Allegations of bullying and misuse of funds have led to the sacking of the Wangaratta Council, with a bill to dismiss the entire pack passed this week.

The firing spree comes after a four-month long investigation of the council by an inspector appointed by the Victorian Local Government Minister, Jeanette Powell. The inspector reportedly found an unresolvable clash between the senior members of the council and recently-elected incumbents.

Councillors had threatened to given up on certain activities so they would not have to interact with other members. At one point, all five of the Council’s senior figures were off work on stress leave.

Local Government Minister Jeanette Powell says it was a wasteful bunch: “One point five million dollars in ratepayers' funds have been wasted in less than 12 months as a result of council's problems, with no end in sight to the drain of resources,” she said

“The dismissal of the council is a last resort and it's a step that the Government does not take lightly.”

Chief executive of the Municipal Association of Victoria, Rob Spence, has back Powell’s decision, saying “in recent times the senior management team departed the organisation and the organisation's been quite unstable so those matters have been running in the community.”

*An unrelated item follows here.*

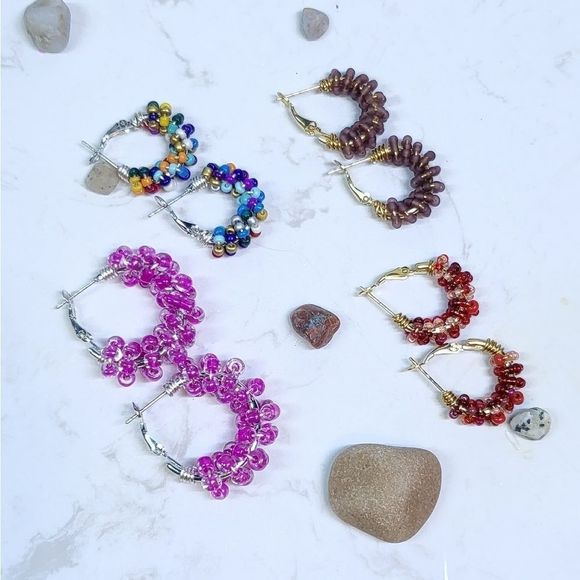 Handmade new! Beaded hoops glass beads - Picture 1 of 12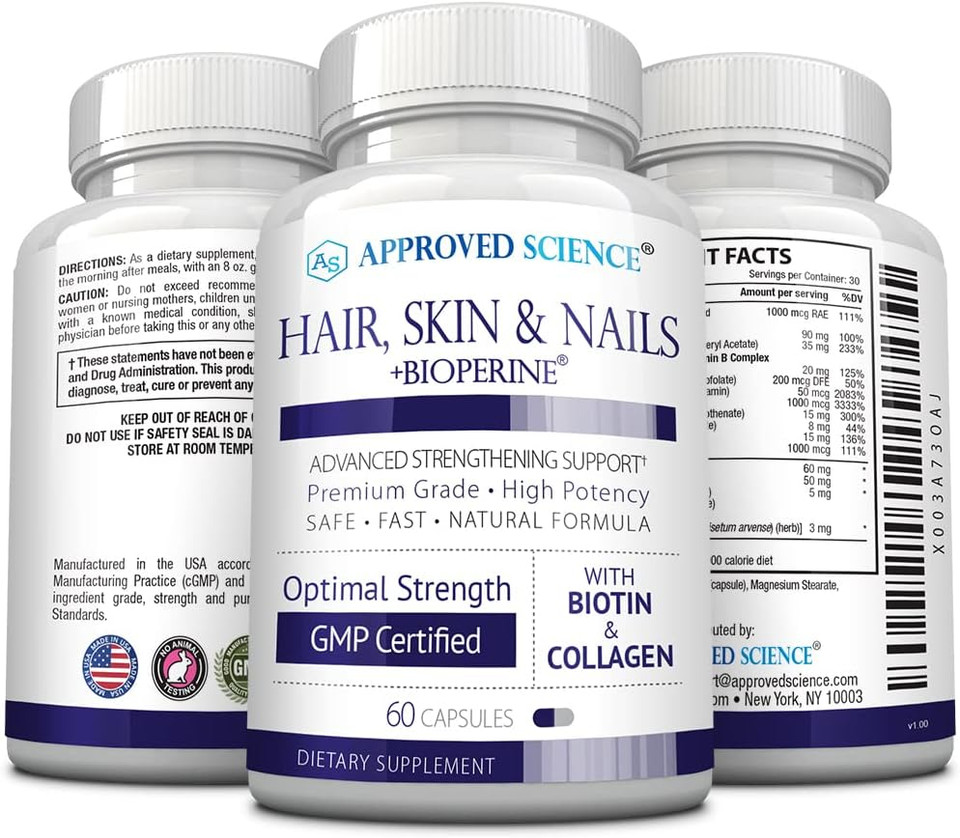 Approved Science Hair, Skin And Nails - Advanced Strengthening And Support - Vitamin B Complex, Biotin, Collagen, Silica, Bioperine - 180 Capsules - 3 Month Supply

“There was sort of no cohesion, or a struggle to get cohesion... Her [Ms Powell’s] only option really, at the serious end of it, is to remove the council.”

Municipal inspector Peter Stephenson will now act in place of the council until the end of October when a panel of administrators will be appointed. The panel will perform council duties until another election is held in 2016. Some reports say residents have so far been reasonably happy with the decisions of the non-elected council place-holders.

Former Wangaratta Councillor Julian Fidge said he believed the new members of council acted “reasonably competently.”